Still, the department is making changes, Diaz said.
The department will revert to a previous system in which sergeants work closely with the same officers on a regular basis. In the same vein, officers will work one district so they regularly see the same people and can establish relationships.
The department also is conducting neighborhood surveys, holding living-room conversations and using its website to provide more information, Diaz said.
Training is reemphasizing the need for multiple officers, not just one, to respond to urgent calls.
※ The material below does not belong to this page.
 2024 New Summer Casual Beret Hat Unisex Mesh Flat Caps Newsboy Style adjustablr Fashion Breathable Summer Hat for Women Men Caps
Departmentwide racial-sensitivity training is continuing.
Diaz also has handed out harsh internal discipline, ordered criminal probes of officers and forced the resignation of Ian Birk, the officer who shot Williams.
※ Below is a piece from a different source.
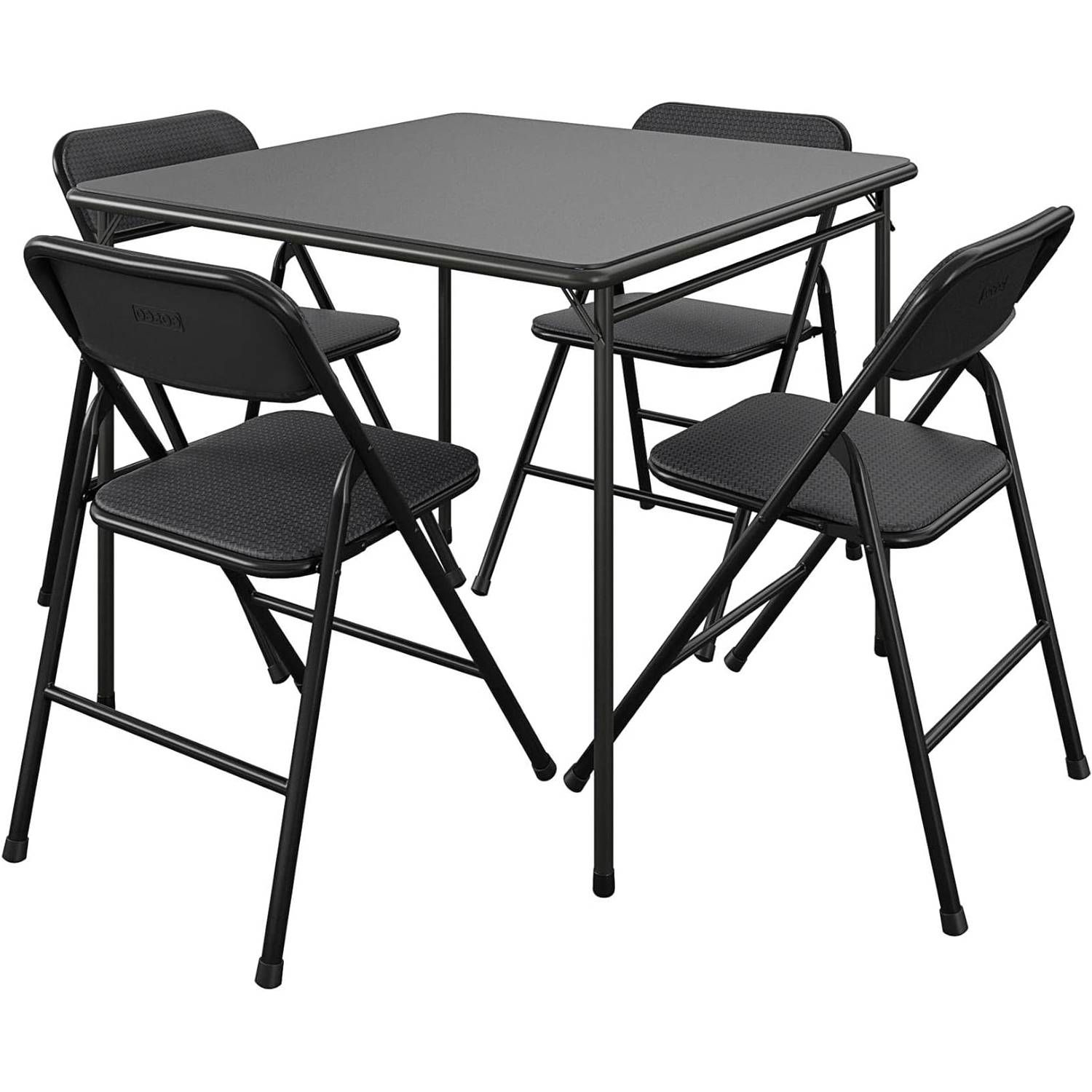 Black 5-Piece Square Folding Dining Table with 4 Chairs Guest Set Card Table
Diaz and Kimerer, the deputy chief, disputed any notion that the department has been too complacent. "I can't remember a period of resting on laurels," Kimerer said. "It's been a very, very dynamic place."
But Diaz said he is open to any changes proposed by the Justice Department, and that he didn't mean to denigrate the investigation by calling it a free audit.
Assistant Attorney General Thomas Perez, head of the Justice Department's civil-rights division, and U.S. Attorney Durkan, who as a lawyer served on both of the citizen panels that looked into the Police Department, will play a key role in what happens next.
"Effective, accountable policing is critical for any healthy community," Perez said in announcing the investigation. "The Justice Department's interest is ensuring that the people of Seattle can rely upon their Police Department to protect public safety and respect their rights."